Disfrutar la música es considerado un placer, un deleite al alcance del ser humano, un gozo terrenal de músicas celestiales o infernales. Franz Liszt describe el espacio místico que surge de la meditación musical, “una amplia extensión durmiente de melodías, un éter vaporoso… se extiende”. La música es placentera pero también perturbadora, levanta pasiones y fobias: quién no se quedó prendido de una canción y la escuchó decenas de veces; quién no aborreció una melodía concreta o un ritmo determinado. Aunque “la música militar nunca me supo levantar”, a otros los llena de brío; la música sacra puede inspirar fervor o rechazo; también la música clásica, la ópera, el tango, la música étnica, el jazz o el rock… tienen sus adeptos y detractores.
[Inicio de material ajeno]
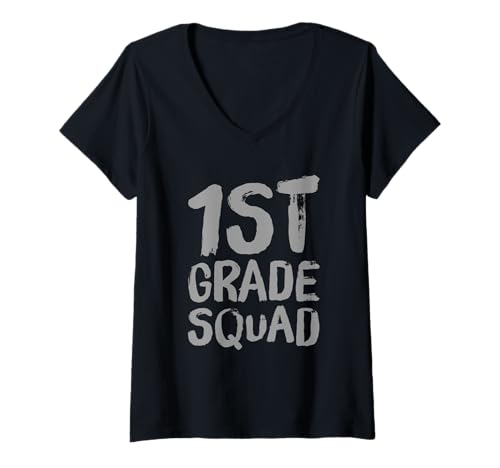 Damen Lustiger Humor für Lehrer, Kinder, Kader der 1. Klasse, Lustig, 1. Klasse T-Shirt mit V-Ausschnitt Damen Lustiger Humor für Lehrer, Kinder, Kader der 1. Klasse, Lustig, 1. Klasse T-Shirt mit V-Ausschnitt von Funny 1st Grade Quotes 1st Grade Squad Shirt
Schumann escribía a su esposa Clara: “No has de tocar ni una nota a esa gente a quien bastan los arpegios”; la interpretación maquinal frente a la inspiración intuitiva, el virtuosismo técnico frente al duende. Músicas polifónicas o minimalistas, cadencias armónicas o disonantes, suaves o estridentes, vehementes o meditativas… Todo es válido porque todo es disfrutable, el que goza rumbeando no es menos que aquel otro que se deleita al escuchar ópera. Hay para todos los gustos y todo tipo de opiniones, como la de Nietzsche cuando escribe: “Lo que hoy nosotros llamamos ópera, que es una caricatura del drama musical antiguo, ha surgido por una imitación simiesca directa de la Antigüedad” (El nacimiento de la tragedia.)

En definitiva, como afirmó Schopenhauer: “La música representa, con respecto a todo lo físico del mundo, lo metafísico, y con respecto a toda la apariencia, la cosa en sí” (El mundo como voluntad y representación). Por eso, en ocasiones, el poderoso influjo de la música nos revela una verdad que esperó el eco de un ritmo o el susurro de una melodía para convertirse en certeza.